RWI Index distribution in YaCy

There are two indices in each YaCy instance.

First one is horizontal - a solr/lucene index, which you use for a local instance search.

The second one is vertical called RWI (Reverse Word Index) and stored in system called kelondro. In this index, urls of pages containing that particular keyword are stored for every keyword.

RWI is distributed over whole network (e.g. default 'freeworld'), creating the global Distributed Hash Table (DHT).

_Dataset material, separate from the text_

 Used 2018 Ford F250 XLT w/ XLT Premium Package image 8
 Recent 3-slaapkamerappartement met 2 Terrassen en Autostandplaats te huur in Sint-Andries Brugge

The kelondro index is used only when YaCy operates in p2p mode and it manages the fragments that are exchanged in the p2p transmissions. Think of it as a “dissolvable” index: when p2p transmissions are done, fragments of the index are taken out and transmitted to other peers.

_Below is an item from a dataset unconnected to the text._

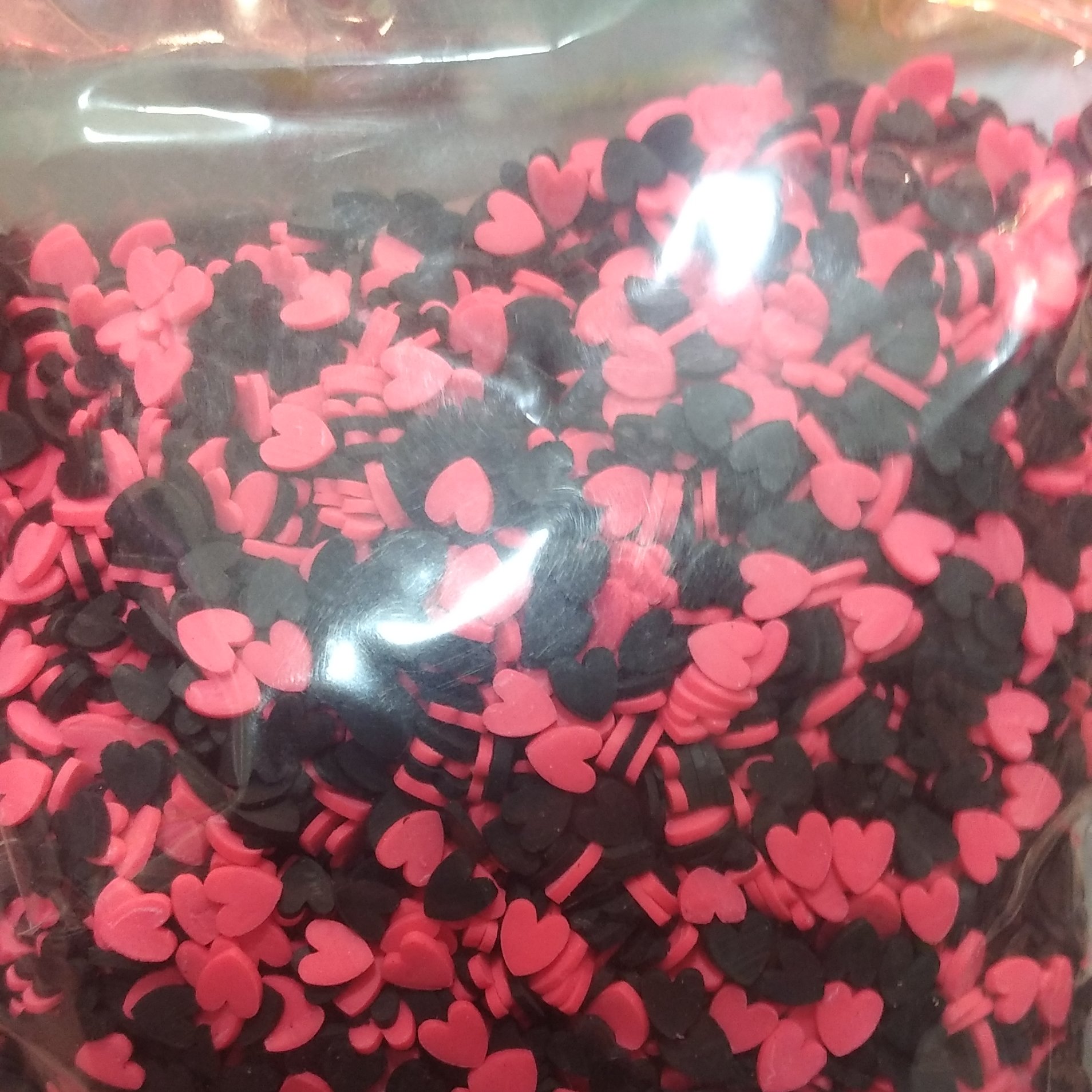 فیمو قلب مشکی قرمز 1 بسته 100 گرمی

A search in the p2p index is done on both, solr/lucene (locally) and kelondro (locally and remote). Searching the local kelondro index will access those parts that have been transmitted by other peers to your own peer.

So having two indexes (where one “dissolves” over time) ensures that you always own our own data (what you crawled, in the solr/lucene index) while having a distributed access to the p2p index (from what has been moved to your peer).

RWI

If you take a look into your log, you can see every each and now entries like:

I 2023/11/19 15:12:01 INDEX-TRANSFER-DISPATCHER * Index transfer of 5 references for terms [ AIYDnOXpfXHp ..] and 7 URLs to peer agent-yacyname-ufe-80:Os871898Kx7Z in 0 seconds successful (21 words/s)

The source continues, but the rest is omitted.